The grand master with his forces and the guests and mercenaries rode against the king to the border near Drewenz, near Kauernik, and the two armies camped opposite one another. Because the king of Poland did not dare cross the Drewenz, he went toward Gilgenberg and took that city and burned it, and they struck dead young and old and with the heathens committed so many murders as was unholy, dishonouring maidens, women, and churches, cutting off their breasts and torturing them, and driving them off to serfdom. Also the heathens committed great blasphemies on the sacraments; whenever they came into the churches they ground the host in their hands and threw it under their feet, and in that way committed their insults. Their great blasphemies and insults went to the hearts of the grand master, the whole order, and to all the knights and men-at-arms among the guests; and they rode with righteous indignation against the king from Lubov to Tannenberg, to the village in the district of Osterode, and came upon the king without warning, having come in great haste fifteen miles by daybreak on the 15th of July. And when they could see the enemy, they formed their ranks and held the enemy in sight for more than three hours. The king meanwhile sent the heathens out to skirmish, but the Poles were altogether unready. If they had attacked the king immediately they would have won honour and booty, but that, unfortunately, did not happen; they wanted to call him out to fight chivalrously with them. The marshal sent the king two unsheathed swords with the heralds.

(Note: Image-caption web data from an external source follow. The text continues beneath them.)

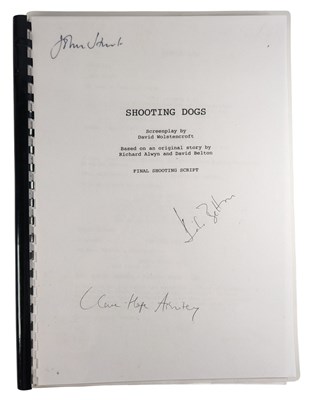 Lot 32 - SHOOTING DOGS (2005) - SIGNED SCREENPLAY - JOHN HURT ETC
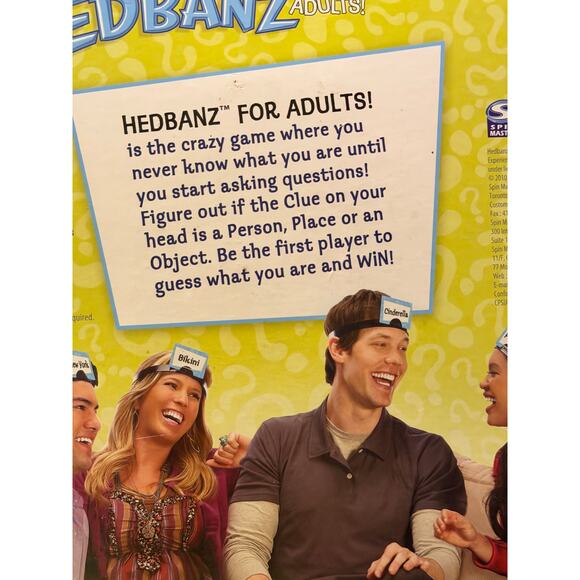 Headbanz For Adults Party Game - Picture 6 of 7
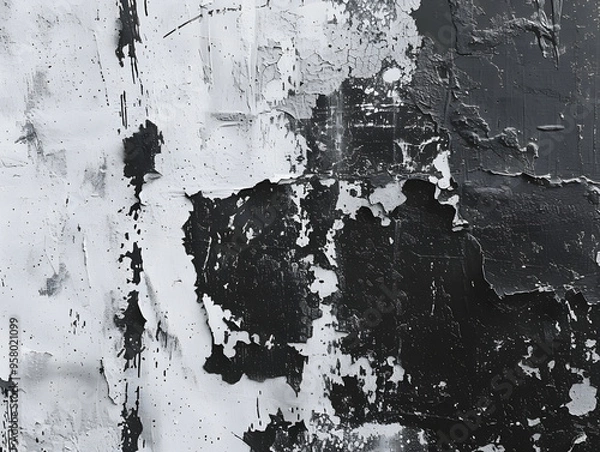 Fototapeta Grunge black and white distressed texture background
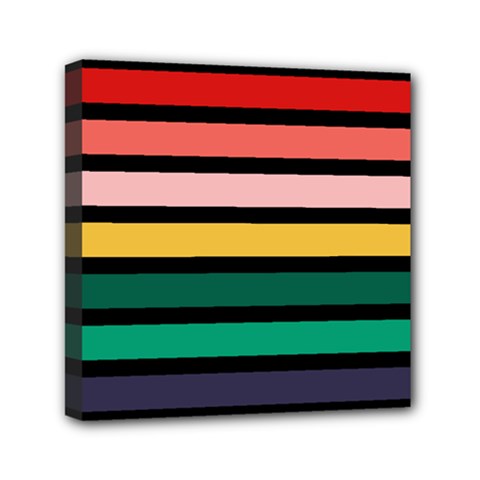 Nine 9 Bar Rainbow Mini Canvas 6  X 6  (stretched) by WetdryvacsLair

Such were the movements of the two armies. Jungingen had managed to bring his forces against the Poles and Lithuanians without warning, a considerable feat for any era. Then he wasted his advantage, letting the sleepless soldiers stand in battle order without food or drink until the enemy was ready. After that, he had his men dig camouflaged pits to trap the charging Polish cavalry, then ordered a withdrawal from that line so that the royal forces in the woods could have room to deploy in two lines in the open field against him. As a result, not only were his pits now part of the Polish defensive line, but his powerful artillery was now stationed at a place where it was ineffective; moreover, his infantry was standing where it was difficult to provide proper support for the massed bodies of knights. Even considering that the grand master could hardly expect the Polish knights to charge unless they had room to line up their units, this was poor generalship. Jungingen’s troops were tired, wet from a morning shower, hungry, and undoubtedly becoming nervous. Moreover, the day was unusually warm, and the men were not accustomed to heat. Nevertheless, Jungingen had a good chance of prevailing if only he could persuade the king to commit his troops to battle first, allowing the experienced knights the opportunity for one of their long-practised counter-strokes. The grand master’s pride, arrogance, and rashness were partly balanced by his courage and skill in battle – and he had a large force behind him. The masses of knights in the huge formations masked the poor placement of his supporting troops and gave him confidence in a total victory.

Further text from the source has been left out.